Courtney Marie Andrews @ Gorilla, Manchester, 22 Apr

The Arizonan singer-songwriter brings a slick but oddly flat set to Manchester on the back of her best record yet

Live Review by Joe Goggins | 25 Apr 2018

Given that Courtney Marie Andrews appears to have taken the long road around to success, it was probably a good job that she started young. She’d yet to turn 18 when her debut full-length Urban Myths was released in 2008, and since then her career has taken an unusual number of twists and turns, from a stint as backing vocalist and keyboardist with fellow Arizonans Jimmy Eat World – a world away from her solo work in musical terms – to a move north from sunny Phoenix to rainy Seattle that provided her a jump-start when she began playing guitar with the sorely underrated Damien Jurado.

It was only when she began to piece the songs together for her breakthrough fifth LP, Honest Life, that her experiences began to line up with the melancholy her music was infused with. Born out of being both homesick and lovesick, the album met with unanimous rave reviews and she chose to strike while the iron was hot by following it up in quickfire fashion with last month’s outstanding May Your Kindness Remain, a record inspired by the people she met on the road over two years of touring for Honest Life.
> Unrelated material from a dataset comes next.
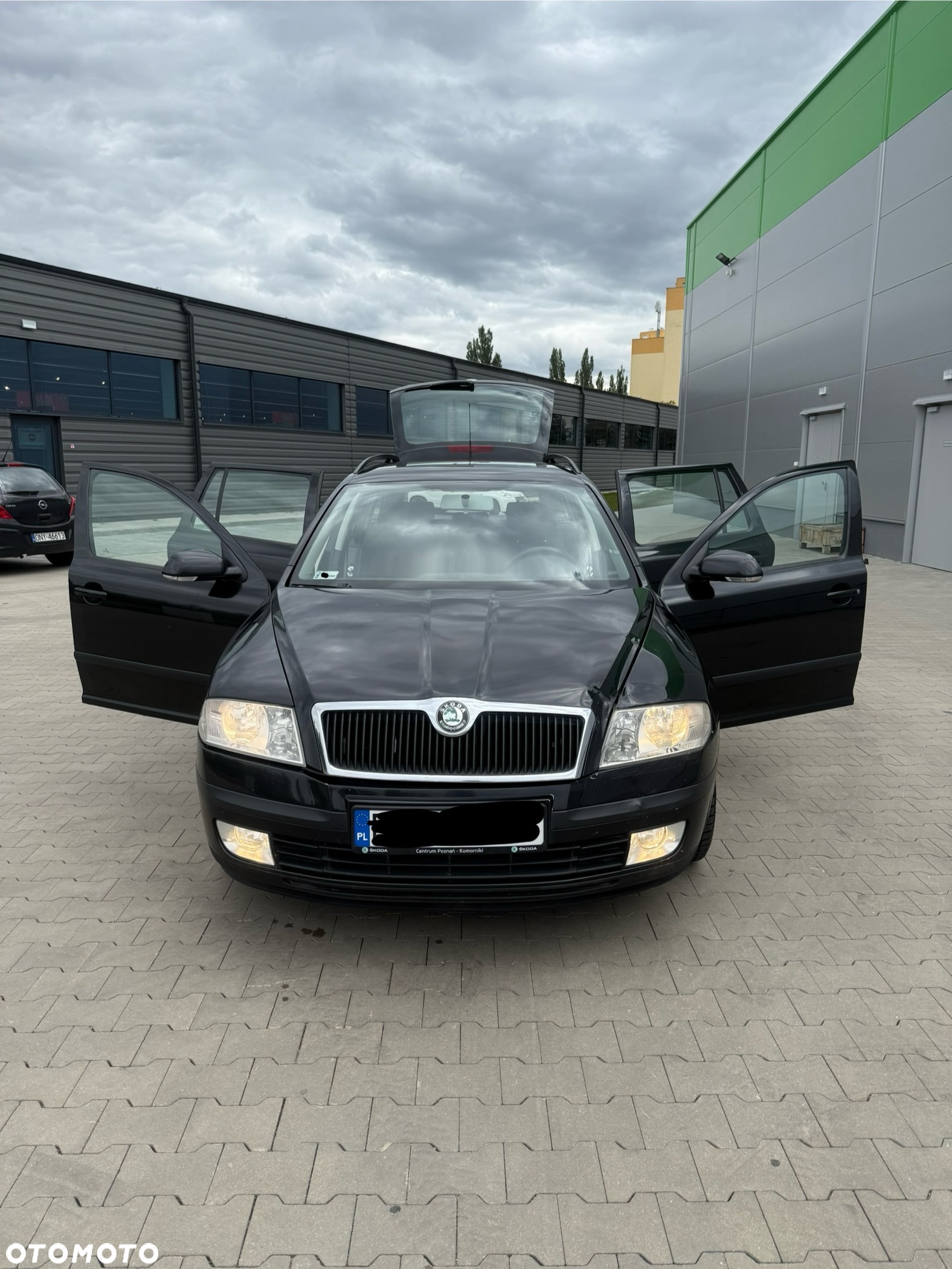 Skoda Octavia 1.9 TDI Classic - 10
Andrews fronts a five-piece band at a not-quite-full Gorilla tonight and sounds every inch like somebody who’s been honing their craft for a decade; the arrangements are slick, the songs tight and, right from opener Long Road Back to You, the mood suitably mellow. What’s missing, though, is the genuine warmth that May Your Kindness Remain is scored through with, both musically (it is a sumptuously produced album) and lyrically. The breezier cuts provide the highlights – particularly How Quickly Your Heart Mends and the soulful Kindness of Strangers – and the title track off her latest album remains a gospel-flecked showstopper.

Perhaps if the true beauty of her records can’t be replicated with the full band, though, her next string of dates should be a proper solo affair – her voice alone would be more than enough to carry the songs.